それに確かに、ソフィアさんの攻撃を避けた。避けたけど。
「ですがあれはソフィアさんが理性を失っていた時で」
「それでもでござる。未だかつて拙者の攻撃を、一撃でも凌いだ者を拙者は知らぬでござる」
……それって、理性失ってるから覚えてないだけなんじゃ。
「市長、ここはソフィアさんのお願いを聞いて差し上げては?」
「セリス殿!」
「ソフィアさんがここまで望んでいるのですから、可愛い我が儘ではありませんか」
いやいや、そんな子犬の散歩にOK出すみたいなノリじゃないですよ。いったい何言ってくれてるんですか?
「それに朝の御返しだと思えば、容易い事ではないでしょうか?」
「朝? 朝に何かあったのでござるか?」
く、朝のあれを持ち出すか!
「いえ、なんでもないですよソフィアさん」
「わふ?」
「大丈夫ですよ、ソフィア様。市長はソフィア様のお願いを断ったりしませんから」
「本当でござるか、御屋形様!」
ソフィアさん、いい笑顔だなぁ。
忘れかけてたけど、破壊の化神だしな。
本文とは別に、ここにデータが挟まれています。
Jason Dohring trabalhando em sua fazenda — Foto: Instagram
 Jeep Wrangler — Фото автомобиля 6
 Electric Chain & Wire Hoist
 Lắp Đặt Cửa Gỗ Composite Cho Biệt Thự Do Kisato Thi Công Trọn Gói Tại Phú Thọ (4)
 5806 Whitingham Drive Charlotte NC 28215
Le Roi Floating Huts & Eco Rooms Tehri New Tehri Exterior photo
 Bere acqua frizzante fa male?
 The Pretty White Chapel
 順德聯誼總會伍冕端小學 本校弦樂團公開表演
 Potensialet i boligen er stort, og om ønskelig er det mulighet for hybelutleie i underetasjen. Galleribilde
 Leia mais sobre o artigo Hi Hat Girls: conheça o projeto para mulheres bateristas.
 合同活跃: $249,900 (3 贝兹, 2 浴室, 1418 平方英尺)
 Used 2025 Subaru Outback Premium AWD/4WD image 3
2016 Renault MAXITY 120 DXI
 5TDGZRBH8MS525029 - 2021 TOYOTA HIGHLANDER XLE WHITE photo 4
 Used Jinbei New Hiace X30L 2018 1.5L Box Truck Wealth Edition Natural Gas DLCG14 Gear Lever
強いやつを見ると楽しくなっちゃう、戦闘民族的ななにかみたいな感じなのかもな。
そしてセリスさん。ソフィアさんが自分の方を見ていないのをいいことに、溢れんばかりの黒い笑顔ですね。
「おやかたさま♪」
さっきまでと同じ可愛い仕草のはずなのに、軽い恐怖しか感じないぜ!というかあの契約書にあった1の項目生きてるのか? 悪気がないから問題ないのか?
「市長♪」
いや、あなたはあなたでホントに黒いですね。なんで、そんなに輝く笑顔なんですか?
「はあ」
ここまで純粋に期待されたら断れないよなぁ。
「わかりました」
「御屋形様!」
嬉しそうだなぁ。
「流石です、市長!」
こっちはこっちで嬉しそうだなぁ。
「ただし少しだけ時間をください」
「?」
「市長、心理戦ですか? なかなか腹黒いですね」
「違いますよ」
貴女じゃあるまいし。
「先ほど死に戻りしたばかりなので、ペナルティが回復するまで待ってほしいだけですよ」
ただでさえ実力差も能力差もあるんだ、少しでもマイナス要素は排除しておかないとな。
「承知したでござる」
「それと、鳳仙さんはどこにいますか?」
「外でロカ様達とお話されてましたが。鳳仙様がなにか?」
「ソフィアさんと一戦交える前に、お願いしたいことがありまして」
まあ、万に一つの勝ち目もないが、やるからにはな。
「市長。案外乗り気のようですね」
「そう見えますか?」
「ええ、何か楽しそうに見えますが」
うーん、どうなんだろうな?
まあ、強敵に挑むってのは、ある意味ゲームってもんの醍醐味の一つだしな。楽しみっちゃあ、楽しみなのかもな。
「なんとも言えないところですが、頑張ってはみるつもりですよ」
想定外の一戦だけど、取りあえず、やれる限りのことはやってみますかね。